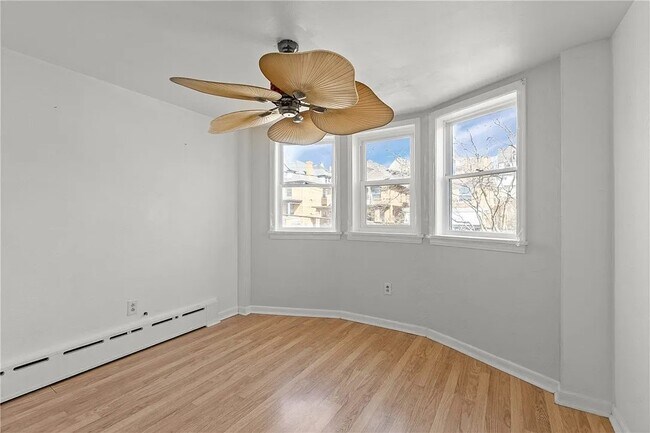 Building Photo - 207 Giffin Ave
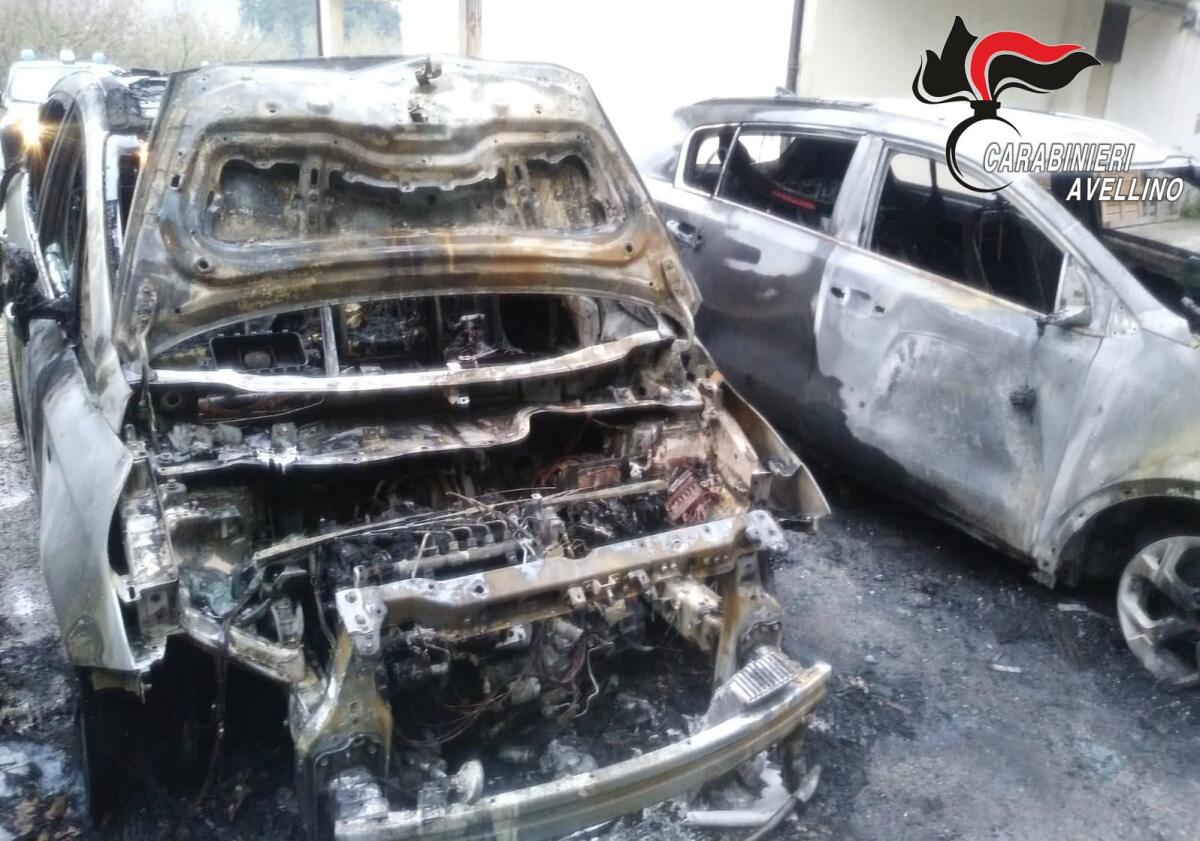 Indagini in corso per un incendio divampato nella notte a Forino. - 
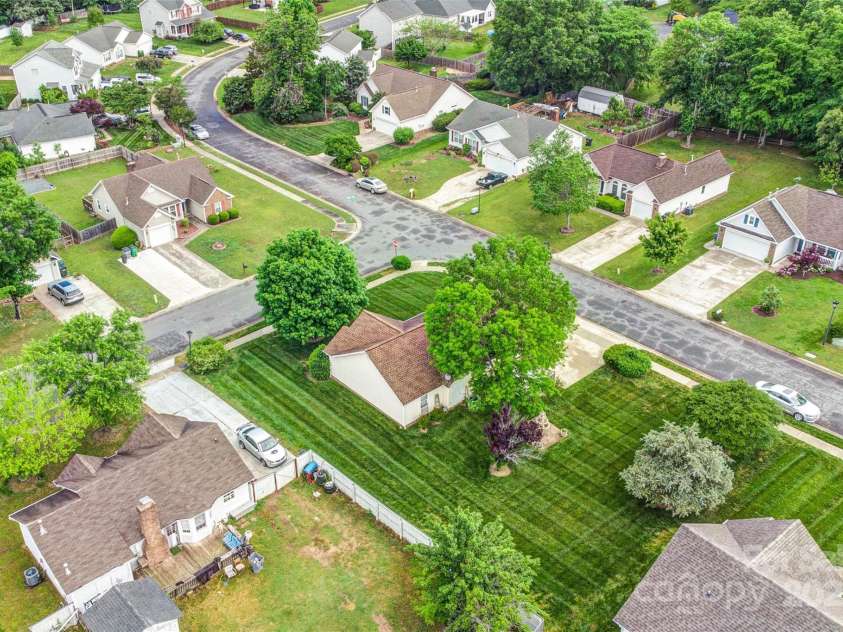 8901 English Saddle Lane, Charlotte, NC 28273.  MLS# CAR4261455, YatesRealty ID 28580. 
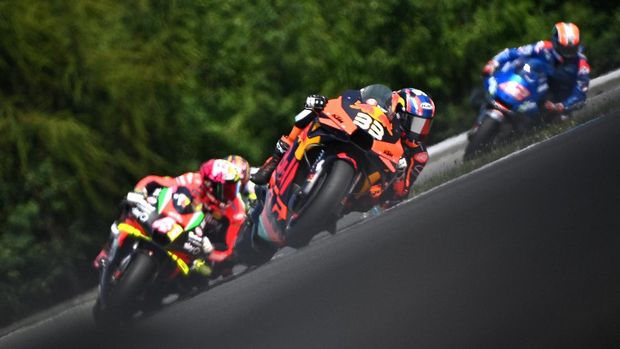 Red Bull KTM Factory Racings South African Brad Binder (Front) rides his bike during the Moto GP Czech Grand Prix at Masaryk circuit in Brno on August 9, 2020. (Photo by Joe Klamar / AFP)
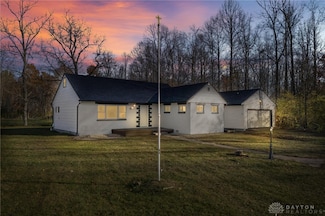 1568 Wolf Rd, West Alexandria, OH 45381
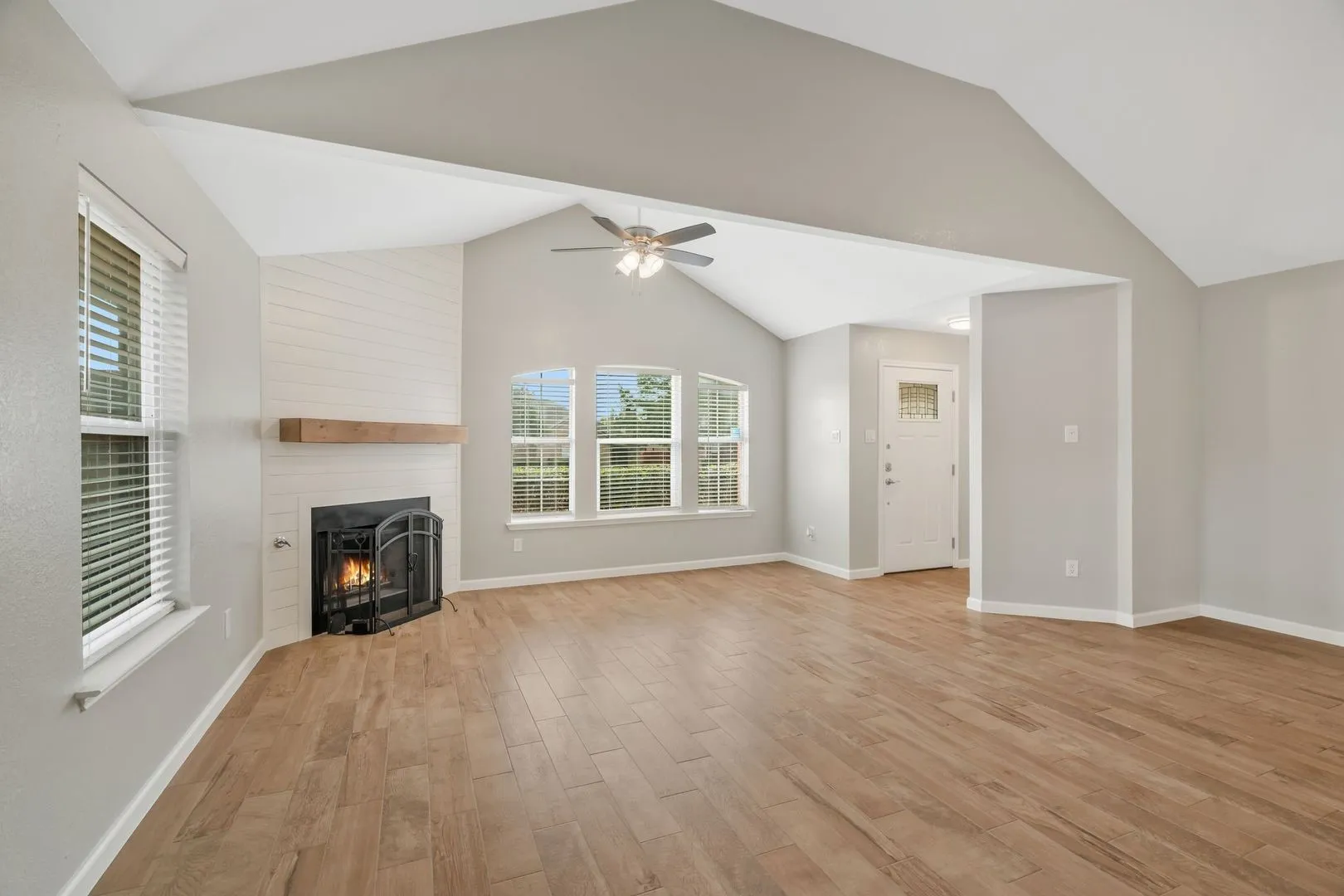 Duplex For Rent in Tarrant County , 306 Crowe Drive, Euless, Texas 76040, 2 Bedroom, 2 Bathroom, 2 Garage spaces, 1,164 Sqft, built in 1990, mls#21330455, Real Estate Agent in Euless, Homes For Rent in Tarrant county, Homes For Rent in Euless, Realtor in Euless Texas, Real Estate Brokerage Independent Realty Texas, Luminita Cordes Realtor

:::

WORK REQUIRED: Exactly the lines from the one containing "Red Bull KTM" through the last line of the material above, both included and free of pictures, should make up your answer, please.

RESPONSE TO THE EXERCISE:
 Red Bull KTM Factory Racings South African Brad Binder (Front) rides his bike during the Moto GP Czech Grand Prix at Masaryk circuit in Brno on August 9, 2020. (Photo by Joe Klamar / AFP)
 1568 Wolf Rd, West Alexandria, OH 45381
 Duplex For Rent in Tarrant County , 306 Crowe Drive, Euless, Texas 76040, 2 Bedroom, 2 Bathroom, 2 Garage spaces, 1,164 Sqft, built in 1990, mls#21330455, Real Estate Agent in Euless, Homes For Rent in Tarrant county, Homes For Rent in Euless, Realtor in Euless Texas, Real Estate Brokerage Independent Realty Texas, Luminita Cordes Realtor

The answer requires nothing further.